Friday, 25 September 2020

Ruth Bader Ginsburg died on September 18th

Or so The Economist says. It includes She was stunned by the lack of caution in the Roe v Wade ruling of 1973 that legalised abortion; though she certainly approved of the outcome, reform should have come through state legislatures, where it was slowly starting to appear, of which I approve. Looking, I don't see I've written about this so I'll write it here: Roe vs Wade, however desireable it might be from a societal point of view as a reflection of changing times is - as I understand it - on very thin ice, constitutionally: founded on two weak links: a right-to-abortion derived from a right-to-privacy; and the right-to-privacy itself. And it is certainly a point of view - which I definitely sympathise with - that a lot of the bitterness in the abortion debate in the USA stems from it having been removed from the political process, where people's enthusiasm could have some outlet, to the judicial, where it cannot.

However, der Ekonmeister skips lightly over where Brian dares to tread: A cheer for Ginsburg, and a wish that she retired in 2013. At the moment she is a secular saint and cannot be criticised - well, not by anyone who expects their words to be read - but she is the very antithesis of nothing in his life Became him like the leaving it.
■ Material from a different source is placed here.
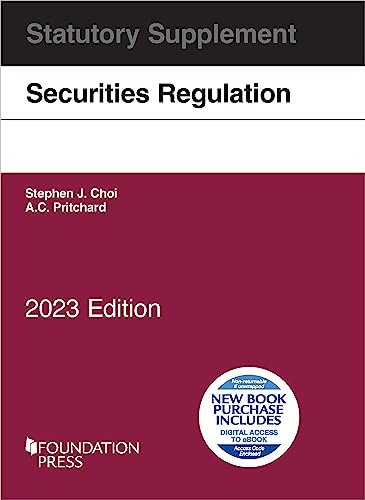 Beispielbild fr Securities Regulation Statutory Supplement, 2023 Edition zum Verkauf von Better World Books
In that she clung on to her power, thereby losing Obama the chance to replace her with someone else "on her side". And she did cling on; it was after all by then her life, and she could not bear to let it go, putting herself above her party at the very least, and above her country, if you like many believe that the USA has lost by allowing the Mango Mussolini to appoint a third judge.

Updates

Since this is now my Roe vs Wade page: there's a quasi-interesting article in the New Yorker from 2015 attempting to argue that repro-rights folk aka those in favour of abortion should have based their arguments on equality, not privacy. That's slightly strange as an argument, I think, though I'm open to correction on this point, because I think in RvW it was the court that made up the justification, not the litigants.

But that same article did teach me that is wasn't RvW that made up the right to privacy, that was done earlier in Griswold v. Connecticut, in the context of contraception; from which we get the language that the right was to be found in the "penumbras" and "emanations" of other constitutional protections.

Oh, and as Timmy points out (though I saw it first...), there's a great deal of drivel talked about RvW, for example What will they do if that 6-3 court overturns Roe v Wade and bans abortion across the entire country? But Reversing RvW wouldn't ban abortion, of itself: it would merely make alws doing so constitutional, in the states that wished to do so.